Louisiana Highway 862 (LA 862) runs 1.00 mi in a general northwest to southeast direction from LA 610 to a local road east of Swampers.

| mi | km | Destinations | Notes |
| 0.000 | 0.000 | LA 610 | Western terminus |
| 0.997 | 1.605 | End state maintenance | Eastern terminus |
1.000 mi = 1.609 km; 1.000 km = 0.621 mi

==Louisiana Highway 863==

Louisiana Highway 863 (LA 863) runs 2.38 mi in an east–west direction from LA 4 to LA 578 east of Winnsboro.

| mi | km | Destinations | Notes |
| 0.000 | 0.000 | LA 4 – Winnsboro, Newellton | Western terminus |
| 2.377 | 3.825 | LA 578 – Crowville | Eastern terminus |
1.000 mi = 1.609 km; 1.000 km = 0.621 mi

==Louisiana Highway 864==

Louisiana Highway 864 (LA 864) runs 0.96 mi in a north–south direction along Loop Road from the concurrent US 425/LA 15 to the concurrent LA 4/LA 17 in Winnsboro.
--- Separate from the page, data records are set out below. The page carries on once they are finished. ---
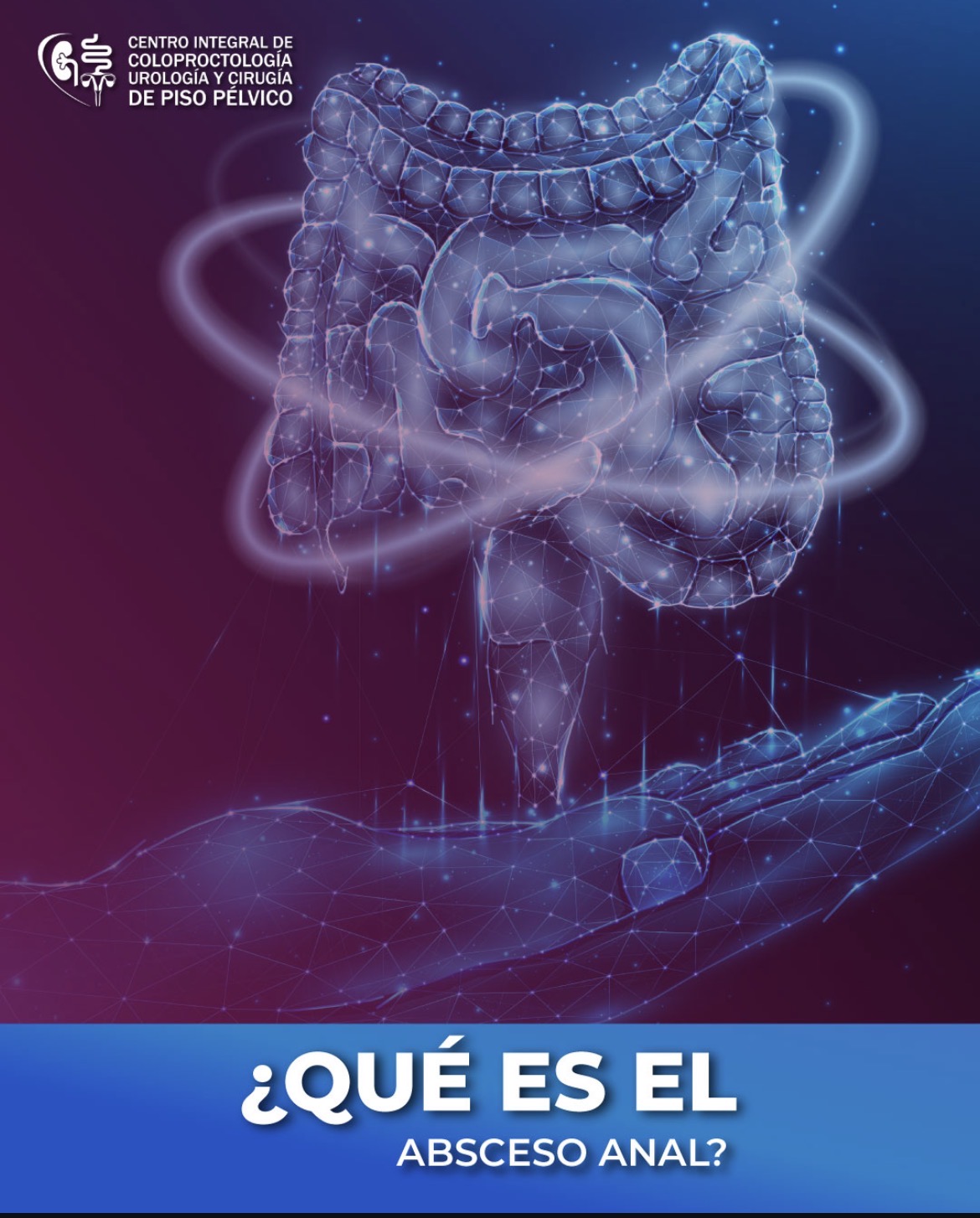Ilustración del intestino y región anorrectal relacionada con el absceso anal
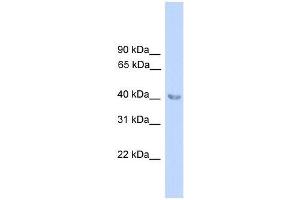 ALAD antibody used at 0.
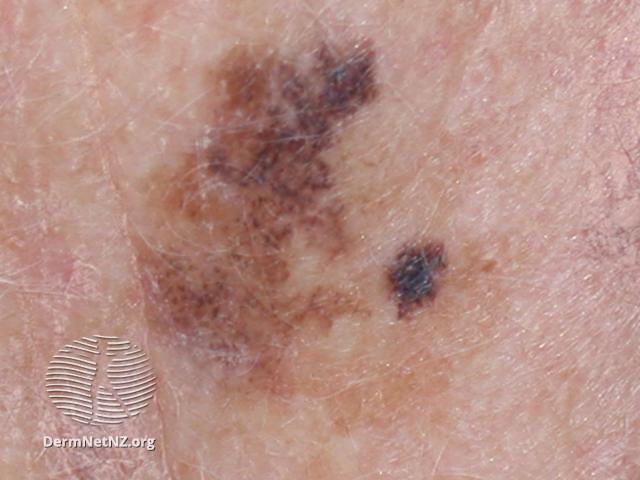 Melanoma Treatment & Information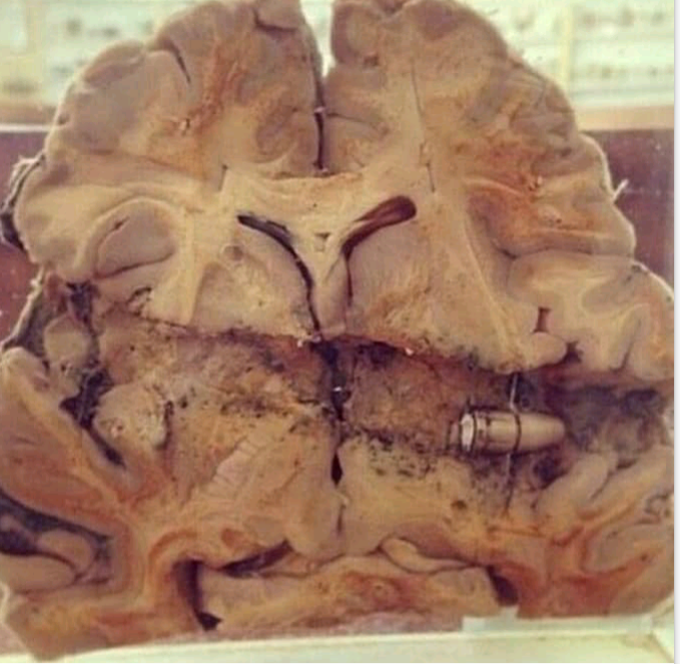 How a gunshot in the head looks like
| mi | km | Destinations | Notes |
| 0.000 | 0.000 | US 425 / LA 15 (Front Street) | Southern terminus |
| 0.964 | 1.551 | LA 4 / LA 17 (Main Street) | Northern terminus |
1.000 mi = 1.609 km; 1.000 km = 0.621 mi

==Louisiana Highway 865==

Louisiana Highway 865 (LA 865) consists of two disconnected road segments totaling 7.95 mi within Franklin Parish. The southern segment extends from LA 4 south of Winnsboro to the concurrent US 425/LA 15 in Winnsboro. The northern segment extends from the concurrent LA 4/LA 17 in Winnsboro to the junction of two local roads north of Winnsboro.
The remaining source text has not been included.